Some pitfalls, or when not to use Docker:
When you need persistent data storage, a solution using Docker might be complicated. By design, all of the data inside a container is removed when it is shut down, so you have to save it in another place. E.g. saving states in CosmosDB, or in memory storage in Redis.
When it comes to stability, keep in mind that Docker is still based on a lot of unstable APIs and tools. Some DevOps have reported at least one kernel crash per month in production.
Docker developers break their own API regularly, so extra development time is needed to adhere to the changes.
Disk speed might be low. There are several benchmarks about system call overhead for Docker, and normally Docker performs well. When it comes to IO overhead in the form of file system and network, the overhead can be quite high.
Managing a huge amount of containers may be challenging, especially when it comes to clustering containers. This is why you need an orchestration layer like Kubernetes (see next chapter).
Not all applications do benefit from containers. In general, only applications that are designed to run as a set of discrete microservices or modules have a real advantage of using containers, but still you could use it to lift and shift your old apps to move them into a cloud environment.
The Docker ecosystem is fractured. Although the core Docker platform is open source, some container products don’t work with other ones.
When performance is one of your important non-functional requirements, be aware of the fact that although containers are more lightweight and portable than VMs, it’s still a form of virtualization. The underlying resources are not always as much available as one might think and can’t be guaranteed. So if performance is mission critical for your app or organisation, considering a bare-metal approach is not a bad idea.
The underlying OS (Kernel) needs to be maintained. If you have a security issue in the kernel, all containers using that kernel have the same security issue.
A base image is in essence the user-space of the os packaged up and shipped around. Mostly being referred to as the OCI/Docker image. It contains libraries as glibc, zlib and language runtimes as Python, Node.js and Bash. It is important to think about architecture, security, performance, size, ease of use, support and scalability when choosing your base image.
Example of different base images from commercial to full open source.
Keep in mind that even though Alpine is small as base image, most of the needed features to run your application still need to be installed. For example, after adding JDK, Tomcat and reverse proxy, your base image now grows to the same 120MB as the Ubuntu image has.
Security-wise, third party software that scans against CVE databases, cannot do that for Alpine
Using Alpine, you don’t have a glibc library, so you might be dependent on (obscure?) third party packages that are installed as dependencies of that package you need to run your software.

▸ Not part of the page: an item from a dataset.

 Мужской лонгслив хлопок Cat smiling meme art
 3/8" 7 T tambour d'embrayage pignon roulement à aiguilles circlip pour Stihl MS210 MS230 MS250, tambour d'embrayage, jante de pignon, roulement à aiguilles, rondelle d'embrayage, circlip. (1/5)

Having a few applications running on about 10 containers, administration is not that much of an issue. When you get into a more complex environment, things are getting more complicated. When you scale up, need automated deployment, container management, auto-scaling, monitoring and availability becomes essential. This is where container orchestration kicks in.
Container orchestration manages the lifecycle of a container. Teams use container orchestration to automate tasks like:
Auto-scaling (horizontal / vertical) of containers
Allocate (shared) resources between containers
Configuring state (e.g. ACC/Staging/PRD)
Deployment of (new) containers
Exposure or hiding containers from the outer world
Applying security rules
Service discovery (between containers and services)
The following solutions are well known as cloud-native orchestration solutions:
As you probably understand, there are more solutions than mentioned above, and we could fill a lot of posts on orchestration solutions.